Genome-scale metabolic reconstructions are typically validated by comparing in silico growth predictions across different mutants utilizing different carbon sources with in vivo growth data. This comparison results in two types of model-prediction inconsistencies; either the model predicts growth when no growth is observed in the experiment (GNG inconsistencies) or the model predicts no growth when the experiment reveals growth (NGG inconsistencies). In this project, we developed an optimization-based framework, GrowMatch, to automatically reconcile GNG predictions (by suppressing functionalities in the model) and NGG predictions (by adding functionalities to the model). We use GrowMatch to resolve inconsistencies between the predictions of the latest in silico Escherichia coli (iAF1260) model and the in vivo data available in the Keio collection and improved the consistency of in silico with in vivo predictions from 90.6% to 96.7%.

In a subsequent work, we demonstrated that comparison of the in silico growth predictions in presence of higher order gene deletions (i.e., synthetic lethals) with available experimental data reveals a number of additional ways that model and experiment may differ in their predictions. For example, GSL inconsistencies refer to cases where the simultaneous deletion of a gene pair results in a viable strain (i.e., Growth), where their deletion is lethal (i.e., Synthetic Lethal) based on experimental data. ESSL represent mismatches where the single deletion of one of the genes in silico is lethal (i.e., ESsential), however, their simultaneous deletion in vivo results in a lethal phenotype (i.e., Syntheticl Lethal). Finally, SLG and SLES denote inconsistencies where the model implies that only the double gene mutation is lethal (i.e., Syntheticl Lethal) but experimental observations support either growth (G) or lethality of any of the two single gene deletions (i.e., ESsential), respectively. We generalized the GrowMatch procedure to resolve each one of these new inconsistencies for higher order deletions. In addition, the generalize GrowthMatch can work directly with gene (rather than reaction) deletions. Application of this procedure to the iMM904 model of the yeast resulted in identification of 120 distinct model modifications including various regulatory constraints for minimal and YP. Incorporation of these modifications into the model led to significant improvements in consistency of in silico predictions and in vivo observations for both single and double gene deletions.

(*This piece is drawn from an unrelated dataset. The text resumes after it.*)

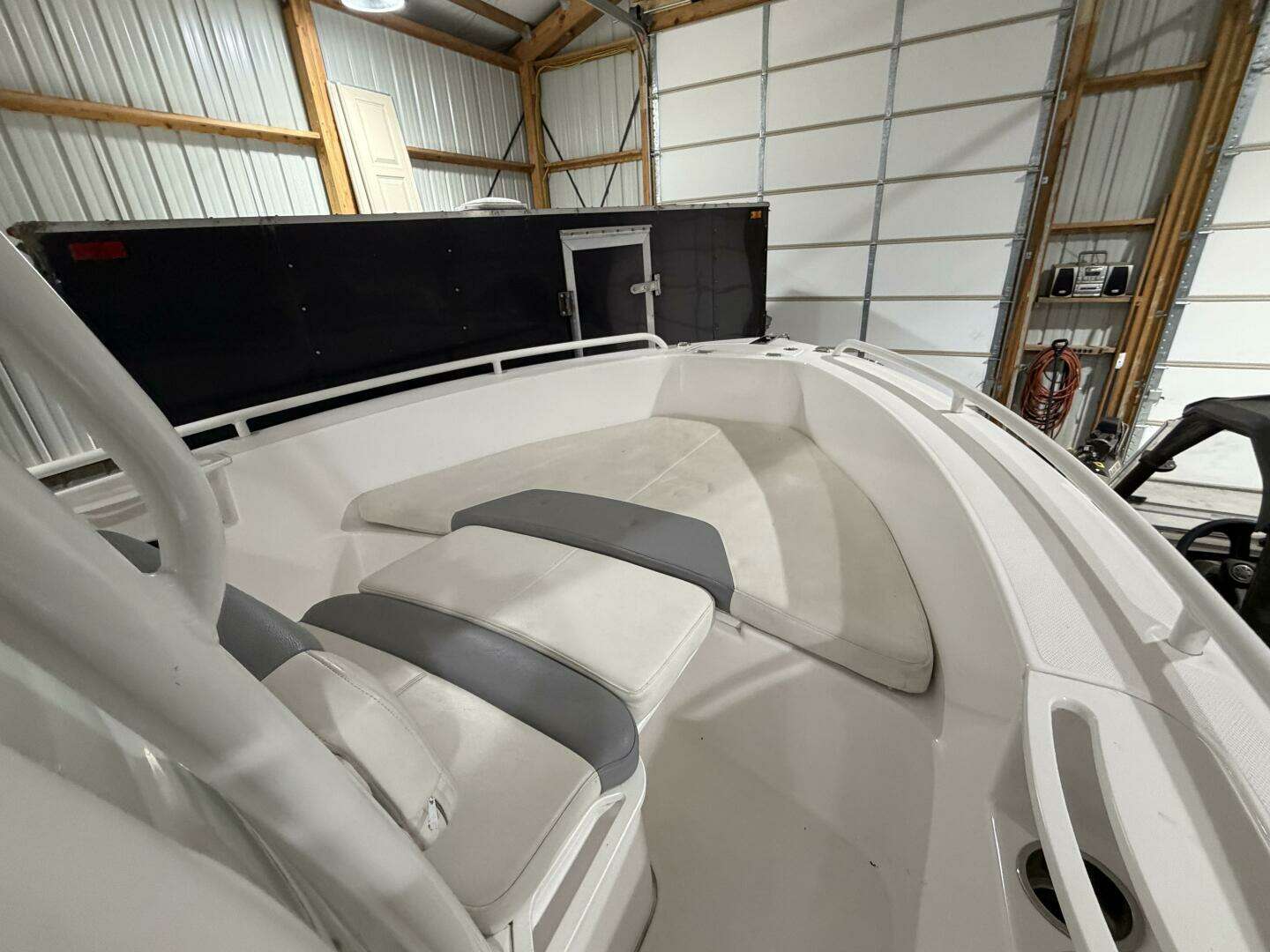 2016 Everglades 230 Center Console - Image 59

For many cases, GrowMatch and generalized GrowMatch identified fairly non-intuitive model modification hypotheses that would have been difficult to pinpoint through inspection alone. In addition, these procedures can be used during the construction phase of new, as opposed to existing, genome-scale metabolic models, leading to more expedient and accurate reconstructions.

Related Publications:

Satish Kumar, V. and C.D. Maranas (2009), "GrowMatch: An automated method for reconciling in silico/in vivo growth predictions," PLoS Computational Biology, 5(3): e1000308.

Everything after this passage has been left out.